I am working on a secured PDF which are all diagrams, and need to convert it to excel.
Due to it is secured, the only thing i can use is convert pdf to txt, and then capture content I need in the text to excel form.

There is a diagram I cannot convert it,test.pdf (27.4 KB)

this pdf is an example of the diagram due to security issues. I write a word and generate this pdf.

I want it looks like normal format in the excel.
However, it looks like this in the notepad

does any one have any idea how to do this?

Thanks so much!


#2

@jingwang0222

Open the pdf with microsoft word first, and copy it to Excel. It might be work.

J,


#3

Hi,
You have a same problem as me. I used Tabula to solve it. try and let me know


#4

Hi Jumbo

I convert it to word and try to copy paste the word content to excel, but it didnt work good,

here are the word & xaml, can you have a look? thanks!

test doc.zip (28.1 KB)

530.xaml (30.2 KB)


#5

Hi
thanks for your advise, but my file is secured and cannot be uploaded.

cheers


#6

@jingwang0222

I checked both and I got what you mean, there is many useless blank and line break exist in the word file.
However, I suppose this is owe to PDF format and those data is the same as PDF, right?

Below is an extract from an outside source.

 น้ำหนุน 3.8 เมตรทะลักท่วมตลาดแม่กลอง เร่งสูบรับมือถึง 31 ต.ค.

In my understanding, this is only way to read PDF file with it’s table format if you cannot use data scraping method in the PDF (except OCR).
So If the format is stable, I recommend you to extract PDF data with this way and delete each space what you don’t need…

Rgds,
J,


#7

Thanks for your advice, I also tried that method, but it is too slow and didnt work well as I thought. So i came back to the method that capture data from txt. and i want to use regular expression to do that, which seems achievable for me, if you r still interest, i have asked a new question.

Thanks
Jing


#8

Hi,

what do you mean upload? I use tabula-java.